The first sculpture Suh ever created was a jacket made of dog tags, and Some/One just expands on that. "I see clothing as the smallest, most intimate habitat that one person can carry. And when you expand that idea, it becomes architecture." So far, he has made rigid clothing and soft architecture. Open like a robe in front, Some/One is large enough to suggest that a viewer might crawl inside. Suh lined the interior with a mirror. He says Westerners tend to see the piece as armor, while Asians see it as a kimono.

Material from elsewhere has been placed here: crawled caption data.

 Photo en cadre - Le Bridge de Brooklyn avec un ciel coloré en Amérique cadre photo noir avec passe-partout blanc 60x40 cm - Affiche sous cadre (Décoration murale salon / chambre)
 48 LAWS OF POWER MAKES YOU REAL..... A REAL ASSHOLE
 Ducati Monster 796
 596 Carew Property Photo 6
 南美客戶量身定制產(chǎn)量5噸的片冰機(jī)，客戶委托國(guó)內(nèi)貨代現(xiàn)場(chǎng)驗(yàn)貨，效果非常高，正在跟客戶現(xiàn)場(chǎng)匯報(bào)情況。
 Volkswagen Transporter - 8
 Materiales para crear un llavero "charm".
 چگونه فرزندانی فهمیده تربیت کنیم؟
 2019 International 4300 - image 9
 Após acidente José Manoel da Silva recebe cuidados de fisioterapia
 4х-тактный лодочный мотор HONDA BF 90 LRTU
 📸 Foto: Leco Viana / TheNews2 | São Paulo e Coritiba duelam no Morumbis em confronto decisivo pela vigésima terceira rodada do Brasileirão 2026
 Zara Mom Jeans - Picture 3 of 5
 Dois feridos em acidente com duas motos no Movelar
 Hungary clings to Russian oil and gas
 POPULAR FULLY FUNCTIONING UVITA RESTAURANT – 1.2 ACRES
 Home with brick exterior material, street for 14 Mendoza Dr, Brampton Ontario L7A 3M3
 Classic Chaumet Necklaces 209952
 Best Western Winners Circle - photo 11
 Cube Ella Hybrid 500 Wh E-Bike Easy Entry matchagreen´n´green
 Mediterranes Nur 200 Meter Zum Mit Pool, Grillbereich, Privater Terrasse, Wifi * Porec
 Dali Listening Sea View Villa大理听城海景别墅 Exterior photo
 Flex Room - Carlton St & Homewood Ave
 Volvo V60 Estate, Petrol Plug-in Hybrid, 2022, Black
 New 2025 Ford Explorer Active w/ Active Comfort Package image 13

Currently preparing for his first solo show in Korea, Suh decided to add two new pieces. Paratrooper is a 15-inch statue of a soldier gathering his parachute, which is represented by fabric on the wall. Four thousand signatures collected by the artist are embroidered on that cloth and connected to the trooper by 4,000 threads. The other new piece consists of two huge feet walking in businessmen's shoes and supported by small running figures both under each shoe and in its shadow. "They could be us," says Suh. "Or they could be people who are so crucial to our existence in this world, whom we are not aware of."